The short flange focal distance of the Pentax Q series enables lenses from many manufacturers to be adapted to it, including Olympus OM, Canon FD, Minolta, M42 screw mount, M39 Leica, C-Mount, D-Mount, Pentax K, and Pentax 6×7. A Pentax adapter with a synchronized shutter for Pentax K-mount lenses was released in October 2012.
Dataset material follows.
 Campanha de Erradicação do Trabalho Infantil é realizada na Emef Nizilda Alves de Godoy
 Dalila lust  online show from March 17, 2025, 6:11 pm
The camera is equipped with "SR" sensor-shift image stabilization technology to improve image quality when using the camera without a tripod. It works with all native and adapted lenses. The Pentax Q also features a "blur control" mode to provide a pseudo shallow focus effect when desired.

Models

Pentax Q 

The initial model was announced in June, 2011.

Pentax Q10 

Announced in September, 2012, the Q10 has a slightly redesigned body and an improved sensor. Most features and specifications were unchanged.

Pentax Q7 

The Q7 was announced in June 2013 and has a larger 1/1.7" sensor. It is available in a wide variety of colors.

Pentax Q-S1 

The Q-S1 was announced August 4, 2014. It has a 1/1.7" sensor. In addition to the Q-7 features, it has auto focusing in the video mode (with the 01, 02 and 08 lenses.)

Lenses
Eight lenses have been released in the Pentax Q system. (AF = Auto Focus, MF = Manual Focus):

Notes: *Any lenses adapted to the adapter will function in MF only. Whether it is single or varifocal depends on the optical characteristic of the lens.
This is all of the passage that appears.